Fatih Budak, sesi soluğu hür ufuklarda yankılanan  “İskilipli Atıf Efendi” şiiriyle çıkardığı zaman yolculuğunda, baygın papatyalarla mazlum duruşlar içinde yağlı urganın aldığı canın resmini çizdi hafızalara. Firdevs’e uzanan bu zaman dilimi ibretlik bir maceranın canlanışıydı.
Hasan Erkan, gecenin sürmeli gözlerinden yârin resmini çalarken çocukluğa uzanan bir hikâyenin kapısını araladı.
Hatice Yağmur, hayata sımsıkı tutunmuş bir öğretmenin asaletini taşıyordu.
İbrahim Yolalan, Uçuk Havarinin Son İtirafı’nda elleri ıhlamur kokan berber çırağından son kez doğacak güne kadar; kaynayacak ırmaklardan yedi gün yedi gece vurulacak davullara kadar uzanırken, “Ne çok Tanrı yağacak” diyerek insanı tefekküre sürükledi.
İhsan Uğraş, güzel bir koşmayla duygu ikliminde gönülleri ıslatırken, İsmail Özmel “Ne Güzelsin Boğaziçi” diyerek Niğde’den sağdığı güzelliklerle İstanbul’a doğru bir yolculuk yapmamıza vesile oldu.
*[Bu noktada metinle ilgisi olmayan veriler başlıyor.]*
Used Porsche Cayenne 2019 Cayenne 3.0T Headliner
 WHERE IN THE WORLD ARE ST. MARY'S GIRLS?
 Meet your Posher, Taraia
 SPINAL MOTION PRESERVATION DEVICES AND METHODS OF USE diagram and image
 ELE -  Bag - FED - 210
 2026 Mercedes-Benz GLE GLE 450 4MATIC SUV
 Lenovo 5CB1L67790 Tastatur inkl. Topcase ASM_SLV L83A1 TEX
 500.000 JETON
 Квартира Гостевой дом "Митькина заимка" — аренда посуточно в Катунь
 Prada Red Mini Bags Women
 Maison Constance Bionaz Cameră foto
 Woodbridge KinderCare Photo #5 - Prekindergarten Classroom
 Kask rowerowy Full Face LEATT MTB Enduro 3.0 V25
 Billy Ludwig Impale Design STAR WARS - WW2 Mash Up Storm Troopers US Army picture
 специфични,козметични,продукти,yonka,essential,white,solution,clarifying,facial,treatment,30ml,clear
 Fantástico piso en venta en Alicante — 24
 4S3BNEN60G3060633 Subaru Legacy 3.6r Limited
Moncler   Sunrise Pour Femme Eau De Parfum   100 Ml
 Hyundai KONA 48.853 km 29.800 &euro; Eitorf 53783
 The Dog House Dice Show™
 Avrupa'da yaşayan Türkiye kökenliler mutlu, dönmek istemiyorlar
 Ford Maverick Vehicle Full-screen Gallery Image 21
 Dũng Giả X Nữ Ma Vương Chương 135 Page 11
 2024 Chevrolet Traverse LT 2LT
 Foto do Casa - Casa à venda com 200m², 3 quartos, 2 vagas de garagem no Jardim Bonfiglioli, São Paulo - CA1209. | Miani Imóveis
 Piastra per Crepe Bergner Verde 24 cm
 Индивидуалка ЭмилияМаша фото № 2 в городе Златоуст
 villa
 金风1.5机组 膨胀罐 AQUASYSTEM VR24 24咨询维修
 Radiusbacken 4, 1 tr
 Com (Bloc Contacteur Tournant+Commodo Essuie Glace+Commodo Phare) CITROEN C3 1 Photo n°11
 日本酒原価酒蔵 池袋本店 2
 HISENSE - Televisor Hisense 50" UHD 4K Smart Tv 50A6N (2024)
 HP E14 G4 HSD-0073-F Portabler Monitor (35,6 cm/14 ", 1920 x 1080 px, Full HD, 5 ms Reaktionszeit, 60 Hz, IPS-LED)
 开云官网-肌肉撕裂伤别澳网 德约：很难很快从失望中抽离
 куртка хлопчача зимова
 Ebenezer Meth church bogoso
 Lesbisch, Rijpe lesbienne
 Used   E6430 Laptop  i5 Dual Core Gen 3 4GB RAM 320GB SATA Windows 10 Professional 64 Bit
Mehmet Baş, şiiri kıymık gibi beyninde taşırken fikir atmosferindeki anaforları “Korsan Yürüyüş” ile şiirine yansıtmıştı.
 “Sonra Issız” diyen Murat Soyak şiiriyle fay hattında kırılan yüreklerin deprem gerçeğini hüzün ikliminde sundu.
Erdal Noyan, Gökhan Demircioğlu, Fikret Dikmen, Harun Kaya, Hüseyin Kirişçi, Hüseyin Taşova, İbrahim Eryiğit, İbrahim Şaşma, Sabri Özdağ, Serdar Şahin programın diğer şairleriydi.
Son olarak “Semavi ilhamlarla şiirinin dokusunu işleyen, akşam hüzünlerine gözyaşlarından inciler dizen, sevmesini bilenlere Süveyda ile yol gösteren zaman ve mekân ötesinin şiirine talip, Kayseri’den aramıza katılan değerli hanımefendi şair ve yazar” diye davet edildiğim programda, mazinin kundağından derlediğim bir şiirle davete icabet ettim.
İl Kültür Merkezi'ndeki şiir şöleninde Vali Âlim Barut’tan Belediye Başkanı Faruk Akdoğan’a kadar, Cumhuriyet Başsavcısından kurum müdürlerine kadar açılan seyirci yelpazesi, Niğdeli şiir severlerle beraber programı ödül töreni de dâhil sonuna kadar izledi. Bu Niğdelilerin ve Niğde’ye hizmet edenlerin kültür sanata verdiği değerin bir göstergesiydi.
Etkinlik düzenlemek emek ister. Yazarlar ve Sanatçılar Birliği (YAZSANBİR) başkanı Hayrullah Eraslan’ın ve Halil İbrahim Tongur beyefendinin ev sahipliğinde emeği geçen herkese teşekkürlerimi sunarım.